The base amount remains unchanged at $4,000, with an extra $3,500 if the EV battery has a minimum of 40kWh — totalling the present 7,500 dollar grants.

The bill now suggests that consumers can claim an added $4,500 for vehicles assembled at a domestic unionized plant. In contrast, EVs that are American-made, but not union-built, qualify for a mere $500 extra.

Unionization: who wins or loses

To put it a nutshell, this proposal strongly favors the so-called “Big Three,” namely GM, Ford, and the Stellantis Group, whose unionized workplaces are represented by the United Auto Workers (UAW). 

On the opposite side stand foreign automakers operating in the States and American Tesla as well. They don’t have unions representing their autoworkers, and in fact many of them have even battled against a unionized workplace and UAW takeovers.
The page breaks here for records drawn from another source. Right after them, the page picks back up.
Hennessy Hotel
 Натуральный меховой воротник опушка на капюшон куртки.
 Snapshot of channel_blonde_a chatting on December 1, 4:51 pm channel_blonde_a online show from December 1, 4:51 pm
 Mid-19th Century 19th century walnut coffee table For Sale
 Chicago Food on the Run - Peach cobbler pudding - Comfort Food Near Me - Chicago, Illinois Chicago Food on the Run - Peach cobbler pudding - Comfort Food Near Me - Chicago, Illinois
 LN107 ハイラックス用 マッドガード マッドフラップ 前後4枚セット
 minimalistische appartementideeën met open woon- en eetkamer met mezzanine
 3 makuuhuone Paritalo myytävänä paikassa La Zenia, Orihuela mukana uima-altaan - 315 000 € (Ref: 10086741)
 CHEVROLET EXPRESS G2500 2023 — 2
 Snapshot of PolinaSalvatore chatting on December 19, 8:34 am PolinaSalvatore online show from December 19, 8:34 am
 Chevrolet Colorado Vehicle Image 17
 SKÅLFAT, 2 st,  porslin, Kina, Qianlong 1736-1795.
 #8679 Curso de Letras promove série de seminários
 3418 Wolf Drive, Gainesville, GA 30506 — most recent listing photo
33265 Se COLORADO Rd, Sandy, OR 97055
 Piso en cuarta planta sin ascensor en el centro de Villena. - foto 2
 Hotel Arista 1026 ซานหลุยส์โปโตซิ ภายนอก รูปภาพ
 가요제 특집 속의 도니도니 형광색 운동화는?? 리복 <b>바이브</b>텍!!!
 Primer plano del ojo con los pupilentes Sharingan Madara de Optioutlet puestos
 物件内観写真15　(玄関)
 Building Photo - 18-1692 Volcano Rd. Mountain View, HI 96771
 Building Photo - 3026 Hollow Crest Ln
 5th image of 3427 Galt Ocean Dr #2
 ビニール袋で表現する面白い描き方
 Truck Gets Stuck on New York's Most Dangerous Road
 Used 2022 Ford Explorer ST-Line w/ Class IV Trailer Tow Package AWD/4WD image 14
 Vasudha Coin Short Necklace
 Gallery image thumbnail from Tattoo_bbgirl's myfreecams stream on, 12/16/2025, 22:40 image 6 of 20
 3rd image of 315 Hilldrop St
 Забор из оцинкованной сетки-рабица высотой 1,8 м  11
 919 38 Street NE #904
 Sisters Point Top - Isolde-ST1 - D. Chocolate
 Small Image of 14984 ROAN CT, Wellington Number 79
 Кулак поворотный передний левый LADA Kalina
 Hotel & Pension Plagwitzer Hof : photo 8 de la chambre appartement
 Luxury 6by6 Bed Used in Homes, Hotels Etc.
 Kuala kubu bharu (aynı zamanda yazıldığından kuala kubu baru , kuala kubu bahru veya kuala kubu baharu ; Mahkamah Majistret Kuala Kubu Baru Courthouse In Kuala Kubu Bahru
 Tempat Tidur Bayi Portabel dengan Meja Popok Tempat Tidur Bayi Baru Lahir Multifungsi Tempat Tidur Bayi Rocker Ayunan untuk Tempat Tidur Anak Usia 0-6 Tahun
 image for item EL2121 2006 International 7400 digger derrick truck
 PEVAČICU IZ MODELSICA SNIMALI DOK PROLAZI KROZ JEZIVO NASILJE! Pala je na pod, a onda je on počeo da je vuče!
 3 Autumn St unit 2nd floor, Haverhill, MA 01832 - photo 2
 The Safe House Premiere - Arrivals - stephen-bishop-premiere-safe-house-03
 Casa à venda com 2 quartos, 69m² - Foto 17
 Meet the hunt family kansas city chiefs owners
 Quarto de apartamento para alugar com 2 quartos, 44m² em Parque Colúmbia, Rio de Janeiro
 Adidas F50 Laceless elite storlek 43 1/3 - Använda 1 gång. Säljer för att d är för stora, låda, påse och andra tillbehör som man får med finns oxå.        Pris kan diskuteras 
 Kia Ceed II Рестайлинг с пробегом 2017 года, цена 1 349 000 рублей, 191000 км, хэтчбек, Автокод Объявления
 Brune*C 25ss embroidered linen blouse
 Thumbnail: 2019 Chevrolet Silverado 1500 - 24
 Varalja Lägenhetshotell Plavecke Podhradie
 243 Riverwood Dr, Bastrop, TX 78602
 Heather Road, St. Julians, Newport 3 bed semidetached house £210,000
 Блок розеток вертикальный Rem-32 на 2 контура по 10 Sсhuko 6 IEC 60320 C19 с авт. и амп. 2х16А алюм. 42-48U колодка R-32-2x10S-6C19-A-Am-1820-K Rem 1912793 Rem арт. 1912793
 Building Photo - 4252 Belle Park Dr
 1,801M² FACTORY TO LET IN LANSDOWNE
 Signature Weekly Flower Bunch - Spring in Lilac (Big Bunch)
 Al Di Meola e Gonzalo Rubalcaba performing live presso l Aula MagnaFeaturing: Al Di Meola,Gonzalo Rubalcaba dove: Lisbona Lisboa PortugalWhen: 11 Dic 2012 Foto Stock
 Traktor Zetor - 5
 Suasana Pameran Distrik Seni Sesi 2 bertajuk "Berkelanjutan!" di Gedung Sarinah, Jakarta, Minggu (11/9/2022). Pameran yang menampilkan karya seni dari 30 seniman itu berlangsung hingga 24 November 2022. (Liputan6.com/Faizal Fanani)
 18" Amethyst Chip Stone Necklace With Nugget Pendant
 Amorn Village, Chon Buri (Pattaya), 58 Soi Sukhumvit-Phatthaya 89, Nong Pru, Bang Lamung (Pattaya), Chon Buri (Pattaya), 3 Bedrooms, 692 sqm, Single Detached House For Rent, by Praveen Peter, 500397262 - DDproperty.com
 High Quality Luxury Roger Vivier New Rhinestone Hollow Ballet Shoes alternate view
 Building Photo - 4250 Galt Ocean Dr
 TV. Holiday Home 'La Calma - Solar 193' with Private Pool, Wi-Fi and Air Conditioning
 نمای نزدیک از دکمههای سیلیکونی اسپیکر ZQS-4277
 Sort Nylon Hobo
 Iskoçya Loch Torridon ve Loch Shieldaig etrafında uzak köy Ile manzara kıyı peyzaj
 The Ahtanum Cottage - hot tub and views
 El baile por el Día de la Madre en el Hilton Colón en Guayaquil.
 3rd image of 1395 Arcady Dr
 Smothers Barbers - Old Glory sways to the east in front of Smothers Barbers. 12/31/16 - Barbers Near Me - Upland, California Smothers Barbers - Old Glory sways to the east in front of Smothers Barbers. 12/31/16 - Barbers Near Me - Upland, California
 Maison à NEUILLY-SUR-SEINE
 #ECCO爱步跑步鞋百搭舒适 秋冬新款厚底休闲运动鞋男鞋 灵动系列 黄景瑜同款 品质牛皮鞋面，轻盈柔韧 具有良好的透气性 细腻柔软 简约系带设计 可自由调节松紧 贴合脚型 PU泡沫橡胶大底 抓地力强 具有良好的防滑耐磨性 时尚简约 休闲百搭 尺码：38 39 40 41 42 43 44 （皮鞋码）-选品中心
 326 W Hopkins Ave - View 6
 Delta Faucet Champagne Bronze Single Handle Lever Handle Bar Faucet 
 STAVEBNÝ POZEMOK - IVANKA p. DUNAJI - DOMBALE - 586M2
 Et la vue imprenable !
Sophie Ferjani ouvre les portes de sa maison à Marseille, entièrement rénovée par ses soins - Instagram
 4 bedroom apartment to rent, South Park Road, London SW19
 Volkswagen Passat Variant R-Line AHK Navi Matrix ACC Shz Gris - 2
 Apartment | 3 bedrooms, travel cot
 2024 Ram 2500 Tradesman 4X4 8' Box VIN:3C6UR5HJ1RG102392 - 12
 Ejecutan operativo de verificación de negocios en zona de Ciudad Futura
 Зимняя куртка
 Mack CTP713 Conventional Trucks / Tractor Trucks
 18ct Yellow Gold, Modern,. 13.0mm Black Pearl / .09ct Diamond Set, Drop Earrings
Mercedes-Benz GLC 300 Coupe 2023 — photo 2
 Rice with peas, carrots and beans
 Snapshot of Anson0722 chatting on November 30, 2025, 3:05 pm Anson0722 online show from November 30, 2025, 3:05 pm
For instance, workers at Volkswagen’s assembly plant in Chattanooga, Tennessee, voted against union representation in 2019, and Nissan workers also declined to unionize in Canton, Mississippi, in 2017.

Honda’s and Toyota’s objection

Among the affected companies, Honda and Toyota have been the first to express their opposition, Reuters reports.

Toyota said in a statement that the plan discriminates “against American autoworkers based on their choice not to unionize.”

Likewise, Honda called the bill “unfair” and stated the following:

[It] discriminates among EVs made by hard-working American autoworkers based simply on whether they belong to a union. […] The Honda production associates in Alabama, Indiana, and Ohio who will build our EVs deserve fair and equal treatment by the Congress.”

Is the bill unfair?

The answer is rather complicated and there are two sides of the story.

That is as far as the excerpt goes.